Are you considering embarking on an MBA to advance your career or switch fields? Preparing for the MBA application process is a crucial first step on your journey toward reaching these aims, from selecting the right programs to acing your interviews.
Before diving into the application process, take some time for introspection. Consider your career goals, your strengths and weaknesses, and how an MBA can help you achieve them. Are you looking to climb the corporate ladder, start your own business, or switch industries? Knowing your objectives will help you select the right MBA programs and craft compelling essays.
It is crucial to begin early too, says Katherine Alford, the director of admissions for the Future Year Scholars Program at the Darden School of Business in Virginia, USA.

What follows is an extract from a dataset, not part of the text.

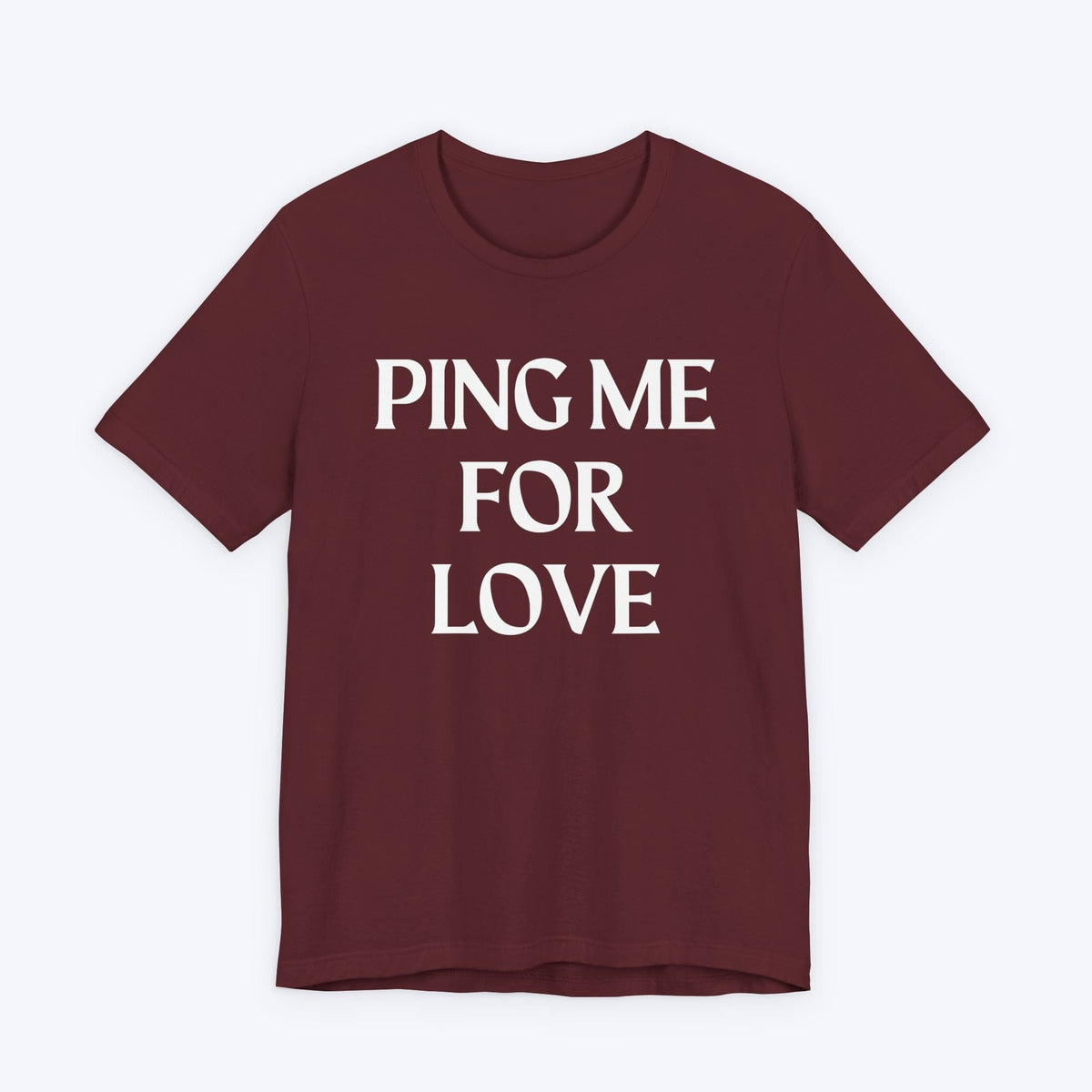 T-Shirt Maroon / S Ping Me For Love T-shirt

“It’s never too early to begin preparing your MBA application as the process can be quite time consuming. Start early by researching MBA programs, attending school events, and networking with both current students and alumni,” she says.
“Also give yourself time to prepare for a standardized test. There is a direct correlation between the amount of time spent preparing for a standardized test and the score. Furthermore, some applicants will choose to take a test more than once, and that takes time.”
Researching MBA programs
There are countless MBA programs worldwide, each with its unique strengths and culture. Research different schools to find the ones that align with your goals and preferences. Factors to consider include location, program length, specialization options, rankings and alumni networks. Make a shortlist of schools that match your criteria.

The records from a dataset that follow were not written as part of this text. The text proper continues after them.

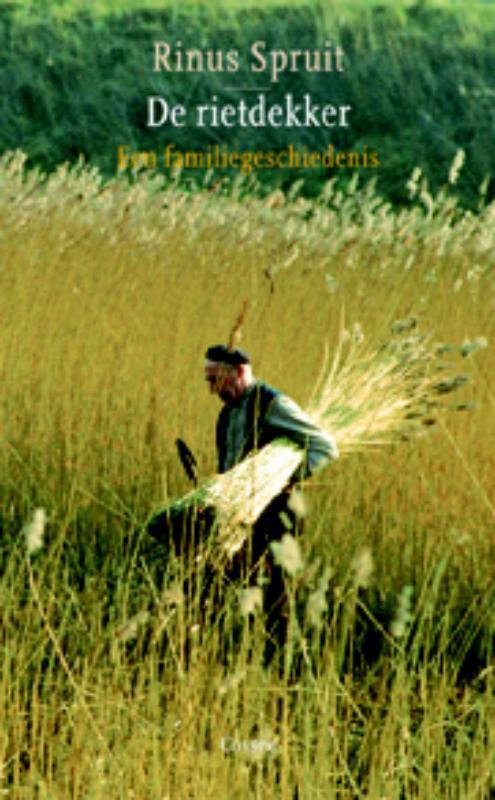 De rietdekker 9789059362604 Rinus Spruit, Boeken, Romans, Gelezen, Verzenden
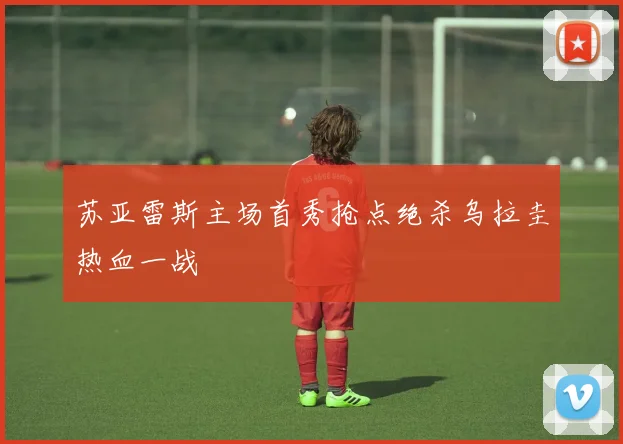 苏亚雷斯主场首秀抢点绝杀乌拉圭热血一战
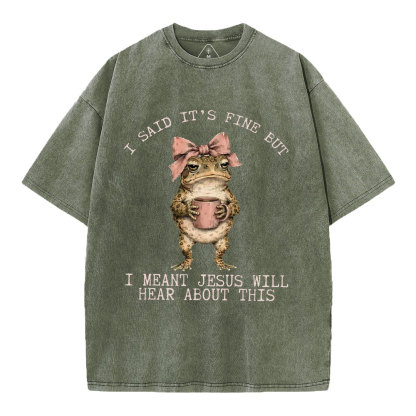 I Said It's Fine But I Meant Jesus Will Hear About This Christian Washed T-Shirt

“Decide which academic and social environment will be the place where you feel you will be equally stretched and supported,” adds Alford. “Think about which educational experience will allow you to reach your potential. Visit your target schools when possible, sit in on a class, speak with alumni and students, and do your research. But, at the end of the day, you can get a great job, a great network and have a great experience at all of the top schools.”
Many MBA programs require applicants to submit GMAT (Graduate Management Admission Test) or GRE (Graduate Record Examination) scores. Plan ahead and prepare for these standardized tests. Consider enrolling in test prep courses or using study materials to maximize your scores. Your performance on these exams can significantly impact your admission chances.

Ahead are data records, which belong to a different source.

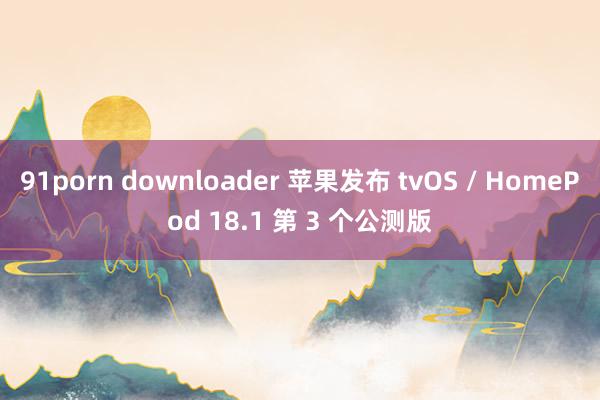 91porn downloader 苹果发布 tvOS / HomePod 18.1 第 3 个公测版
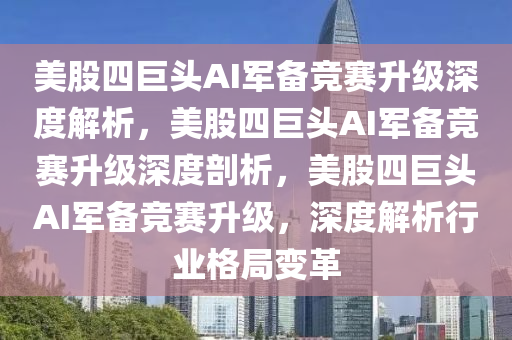 美股四巨头AI军备竞赛升级深度解析，美股四巨头AI军备竞赛升级深度剖析，美股四巨头AI军备竞赛升级，深度解析行业格局变革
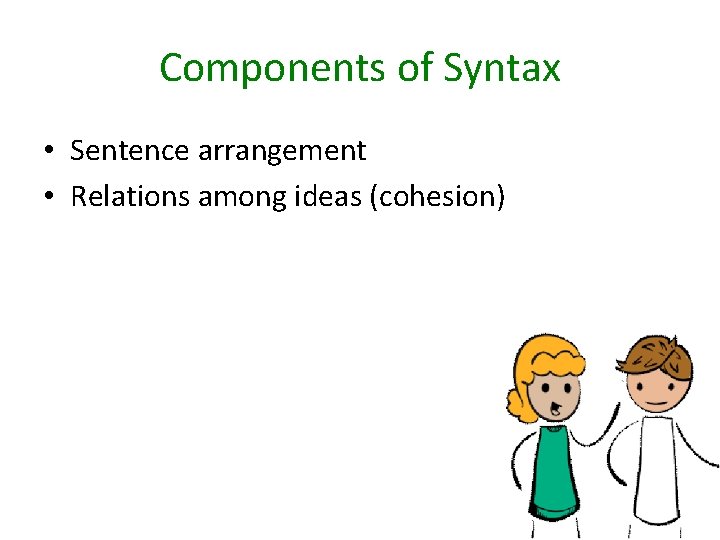 Components of Syntax • Sentence arrangement • Relations among ideas (cohesion)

“Right now, almost every business school that requires you to take a standardized test accepts both the GRE and the GMAT. It can sometimes be the case that certain schools or admissions officers lean towards the GMAT over the GRE, but most schools accept both exams equally,” says Stacey Koprince, director of content and curriculum for Manhattan Prep, a test preparation company.
“Although many business schools no longer require prospective students to submit GMAT or GRE scores, there’s still an advantage for applicants who can submit a competitive score. According to Manhattan Prep/Kaplan’s 2022 business school admissions officers survey, the vast majority of test-optional business schools say that submitting a competitive GMAT or GRE score can help their application even when a score isn’t required.”
Secure Strong Recommendation Letters
It is also key to request recommendation letters from supervisors or colleagues who can speak to your qualifications and potential. Choose individuals who can provide specific examples of your skills, work ethic and character. Give them ample time to write the letters, and provide them with your resume and a clear understanding of your MBA aspirations.
Your personal statement or essay is another vital part of your application. Tailor your essays for each school, explaining why you’re a great fit for their program and how their specific offerings align with your goals. Be authentic, and use your unique experiences and perspective to stand out.
If you’re lucky enough to receive an interview invitation, be sure to prepare thoroughly by researching the school, its culture and common interview questions. Be ready to discuss your goals and experiences in-depth, and convey your genuine interest in the program. Then practice with a friend or mentor to boost your confidence.
“We want to know the person behind the academic transcripts and essays,” says Nicole Tee, director of MBA programs at National University of Singapore (NUS) Business School. “We want to figure out what makes you tick. It is an opportunity for you to showcase your personality, communication skills, personal motivations, passions and values. The interview allows the committee to dig deeper into these areas and gain a more nuanced understanding of you.”